__PROBLEM TO WORK ON__
Nothing should appear in the answer except the lines from the one with "Are you kidding" through the end of the listing below, transcribed exactly and without pictures.

__SUPPLIED DATA__
++++
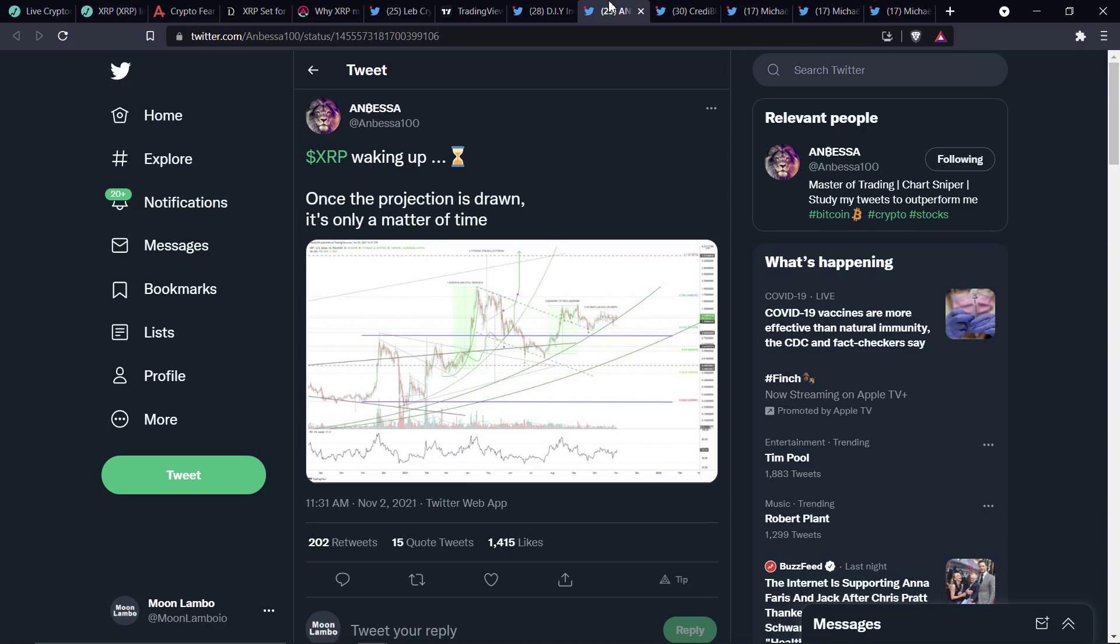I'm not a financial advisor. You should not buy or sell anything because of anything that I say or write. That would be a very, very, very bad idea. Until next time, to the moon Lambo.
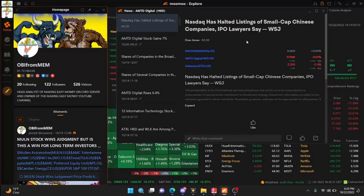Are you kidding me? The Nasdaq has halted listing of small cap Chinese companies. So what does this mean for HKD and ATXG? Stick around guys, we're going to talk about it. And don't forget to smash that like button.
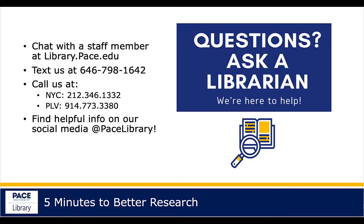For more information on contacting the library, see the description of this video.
++++
__EXERCISE ANSWER__
Are you kidding me? The Nasdaq has halted listing of small cap Chinese companies. So what does this mean for HKD and ATXG? Stick around guys, we're going to talk about it. And don't forget to smash that like button.
For more information on contacting the library, see the description of this video.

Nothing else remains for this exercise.